The address in this case would be supplied by two up/down counters, which would be fed by some adders that added cyclically, and generated a clock pulse every time they overflowed. This would allow something like a DMA mode where the counters took over the bus and provided addresses at the highest rate the RAM could take, while allowing for not interfering with the video ram, or using the video ram time in the overscan time. This would theoretically allow a pixel to be written as rapidly as it could be scanned as raster, which would be very very fast, and all that is required is to set up the counters with the right numbers, and have the correct number of elements.

I'm also examining whether I can build a high speed table of these results with an EPROM to perform scaling and trigonometric functions so that I could avoid having to calculate those on the z80... But the hardware acceleration will be the final part of the project. I haven't fully planned it out yet. Still, the same routines we use in vector calculations on the z80 should be possible to implement in counters that have direct access to memory.
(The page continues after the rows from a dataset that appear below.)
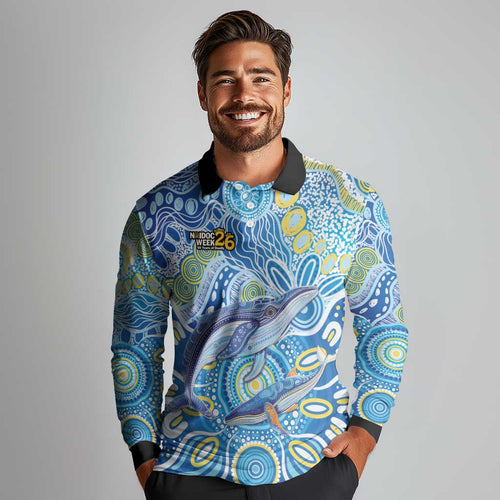 NAIDOC Week 2026 Long Sleeve Polo Shirt Dreaming of Whales Aboriginal Dot Art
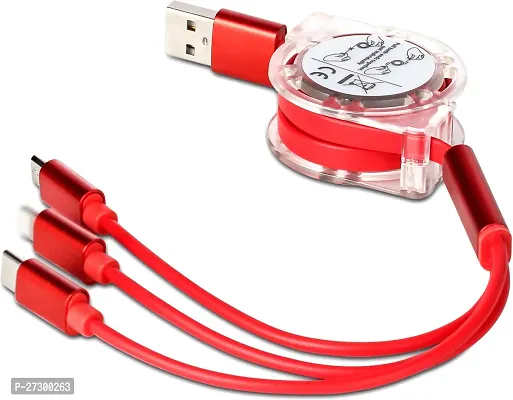 Stylish 3 in 1 PVC Braided High Speed Data Transmission Super Fast Charge Cable- Micro USB, Lightning, Type-C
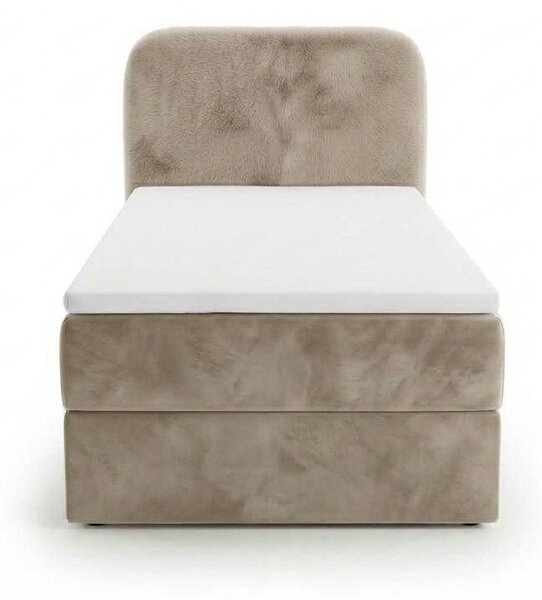 Oblazinjena postelja boxspring FORENA 90x200 cm bež Vzmetnica: Vzmetnica Bonell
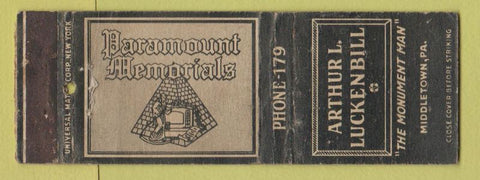 Matchbook Cover - Arthur Luckenbill Middletown PA Memorials Funeral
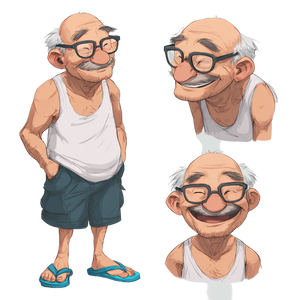 Stylized Old Man Vinyl Car Decal Sticker – Waterproof & UV-Resistant 6.826666666666667"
But the OS and Memory As Ramdisk will still work with just a console output - and no video raster is required at all then... So the video memory locations could just be filled with another 256K of RAM.

David

Svenska · Mar 1, 2023

I'd like to chime in to remind you that CP/M applications really want at least an 80x25 (text) screen resolution. A character width of 8 pixels allows both decent fonts and fast drawing routines in graphics mode. Therefore, I'd recommend at least a 640 pixel wide screen resolution if you really want to support CP/M applications well.
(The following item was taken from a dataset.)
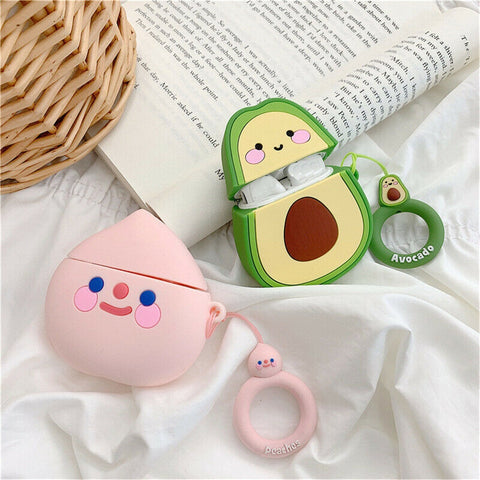 For AirPods Cute 3D Fruit Cartoon Case Bag Silicone Phone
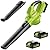Leaf Blower Cordless with 2 Battery and Charger, 160MPH 180CFM High Speed Leaf Blower with 2 Tubes, 20V Electric Leaf Cleaner, Lightweight Handheld Small Blower for Patio, Garden, House, Depot, Green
This is the reason why I didn't bother finishing my TMS9929A-based Z80 system: A barely legible 4x8 font provides 64 columns only, with half the color resolution. Obviously, this is less of a concern for games, but I don't think you are aiming at that...?
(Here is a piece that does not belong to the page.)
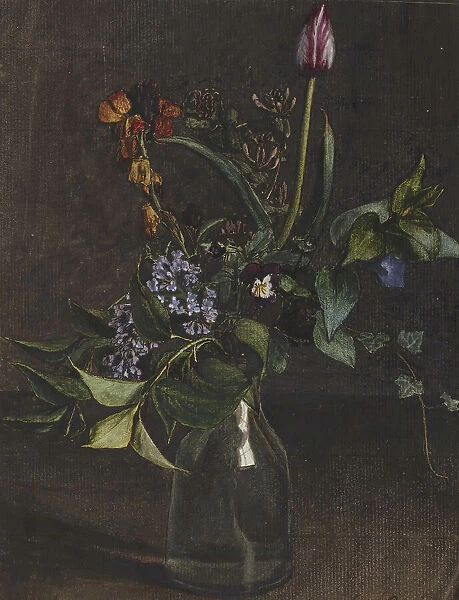 Bouquet of Flowers with a Tulip, c1862. Creator: Leon Bonvin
Alternatively, your video system could provide both text and graphics; some monochrome LCD panels supported both a text and a graphics plane which were mixed together.

cj7hawk · Mar 1, 2023

Hi Svenska,

Yeah, you are absolutely correct - and it is something that has irked me from the beginning. And as you noted, the primary objective here is a games machine - but it *still* has to run CP/M.

Normally, that would be 64 characters ( 12 more than the Osborne 1 ) but if I use 6 x 8 pixels, it still looks right on the screen and I can get a good character set design into 5 pixels across, while achieving 85 characters/line... Then I could just enforce a return at 80 or 85. ( since it's about 85.3 characters across )

I considered 640x200 ( PC resolution ) and that was one of the supposed resolutions of the Loki, but it's not where I wanted to go. All of the evidence I can find suggests it would have been 512x192, with maybe a high resolution interlaced mode of 512x384 ( same as later Macs. ) so I wanted to stay there, and I'm pretty sure the original design concept in the 80s had the same problem. Which is where I think the alternative resolutions of 320x200 and 640x200 came from, but they would have been far more complicated to build, and may have been impossible at the price... There are some design quirks you get in hardware with specific resolutions that reduce the chip count, board size and make things easier. This was also used in early Macs.

Also, as I mentioned, there is a serial console capability, so it would be entirely possible to run serial for the general screen, and leave the high resolution screen for graphics. Multimonitor capabilities was definitely an objective. CAD applications were starting to emerge in the mid 80s that used two monitors - one for text and one for graphics.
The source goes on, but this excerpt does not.